Christopher Nolan pulls out the stops as only he can to bring to the big screen, in the grandest possible way, the story of J. Robert Oppenheimer, the father of the atomic bomb who lived to see the devastation and long-term dangers that his weapon of mass destruction unleashed on the world.


Oppenheimer, a cinematic achievement of blinding brilliance, achieves a sublime combination of visual grandeur, technical flair, emotional intimacy and an examination of the limits of human endeavour and ambition. Through all the layers that constitute the film, what peeps out most prominently is the director's unambiguous acknowledgement of the ethical questions that surround the brilliant American theoretical physicist's legacy.

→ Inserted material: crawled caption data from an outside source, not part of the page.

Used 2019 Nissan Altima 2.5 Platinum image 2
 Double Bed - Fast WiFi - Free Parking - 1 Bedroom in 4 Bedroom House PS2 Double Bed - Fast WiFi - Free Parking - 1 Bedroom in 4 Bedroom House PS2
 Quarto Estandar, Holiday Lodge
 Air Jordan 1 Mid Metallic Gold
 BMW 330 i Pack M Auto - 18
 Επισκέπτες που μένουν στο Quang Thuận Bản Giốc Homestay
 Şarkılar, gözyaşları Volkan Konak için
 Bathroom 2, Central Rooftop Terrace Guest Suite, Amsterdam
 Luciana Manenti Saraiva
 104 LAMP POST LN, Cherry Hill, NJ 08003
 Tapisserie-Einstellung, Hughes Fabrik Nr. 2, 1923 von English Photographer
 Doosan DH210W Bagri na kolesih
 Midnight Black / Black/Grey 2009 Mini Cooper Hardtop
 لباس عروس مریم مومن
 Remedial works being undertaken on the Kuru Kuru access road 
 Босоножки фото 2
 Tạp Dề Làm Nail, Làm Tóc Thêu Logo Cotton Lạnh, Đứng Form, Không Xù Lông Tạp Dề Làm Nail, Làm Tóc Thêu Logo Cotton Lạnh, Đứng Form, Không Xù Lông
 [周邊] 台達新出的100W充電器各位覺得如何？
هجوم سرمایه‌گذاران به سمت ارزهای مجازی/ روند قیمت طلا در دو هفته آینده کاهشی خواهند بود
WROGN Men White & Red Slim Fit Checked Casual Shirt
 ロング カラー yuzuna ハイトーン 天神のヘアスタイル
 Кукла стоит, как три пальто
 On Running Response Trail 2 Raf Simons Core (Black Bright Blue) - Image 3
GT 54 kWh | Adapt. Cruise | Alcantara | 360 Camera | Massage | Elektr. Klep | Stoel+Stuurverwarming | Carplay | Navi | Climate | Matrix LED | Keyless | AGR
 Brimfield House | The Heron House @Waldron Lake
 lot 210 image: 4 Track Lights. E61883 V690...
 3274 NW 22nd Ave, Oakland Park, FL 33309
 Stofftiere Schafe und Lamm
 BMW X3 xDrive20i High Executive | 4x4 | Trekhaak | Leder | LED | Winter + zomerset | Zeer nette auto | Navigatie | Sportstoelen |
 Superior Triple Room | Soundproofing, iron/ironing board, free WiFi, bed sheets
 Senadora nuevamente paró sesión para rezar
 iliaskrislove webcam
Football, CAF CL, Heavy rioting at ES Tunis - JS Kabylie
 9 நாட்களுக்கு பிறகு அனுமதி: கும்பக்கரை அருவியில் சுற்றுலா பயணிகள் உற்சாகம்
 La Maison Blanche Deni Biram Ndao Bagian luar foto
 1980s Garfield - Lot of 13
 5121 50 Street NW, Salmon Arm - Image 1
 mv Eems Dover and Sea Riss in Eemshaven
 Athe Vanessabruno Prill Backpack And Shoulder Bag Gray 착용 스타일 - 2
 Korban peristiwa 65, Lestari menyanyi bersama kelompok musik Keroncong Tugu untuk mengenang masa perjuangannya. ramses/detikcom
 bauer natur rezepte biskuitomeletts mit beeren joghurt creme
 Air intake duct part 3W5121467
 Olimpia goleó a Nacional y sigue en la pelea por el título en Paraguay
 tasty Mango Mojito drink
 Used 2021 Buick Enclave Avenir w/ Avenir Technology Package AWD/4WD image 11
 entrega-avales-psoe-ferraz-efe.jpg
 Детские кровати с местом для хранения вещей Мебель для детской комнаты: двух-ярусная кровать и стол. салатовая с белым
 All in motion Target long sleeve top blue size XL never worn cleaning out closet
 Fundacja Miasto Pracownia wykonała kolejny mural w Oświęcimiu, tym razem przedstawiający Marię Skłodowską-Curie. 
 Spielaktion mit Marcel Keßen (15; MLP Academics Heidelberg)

At a more superficial level, the film gives the writer-director the scope to orchestrate the elements of space and time in a straightforward but a highly enthralling manner and tap the dramatic potential of the tragic story of a genius who pushed the boundaries of quantum physics only to trigger a dangerous arms race.

The three-hour epic is about a man, quantum physics, and a point in history, but it comes off as a timeless, almost Shakespearean morality tale about an impossible achievement and its horrific consequences. The film crammed with diverse narrative and spatial elements that Nolan and his cinematographer Hoyte van Hoytema harness and press into the service of an engrossing story about science, war and political vendetta.


It isn't, however, only the formal attributes of the film that are impressive. Its thematic depth turns it into an introspection (no matter how wordy) on science, weapons and the horrors of war without actually putting footage of the Hiroshima and Nagasaki bombings and their effects on the screen.


As a scientist who unwittingly armed the human race with a self-destruct button, Oppenheimer, played with unwavering solidity by regular Nolan collaborator Cillian Murphy, is presented as a genius who pays as high a price for his deadly invention as he does for his subsequent decision to turn into an advocate for nuclear arms control.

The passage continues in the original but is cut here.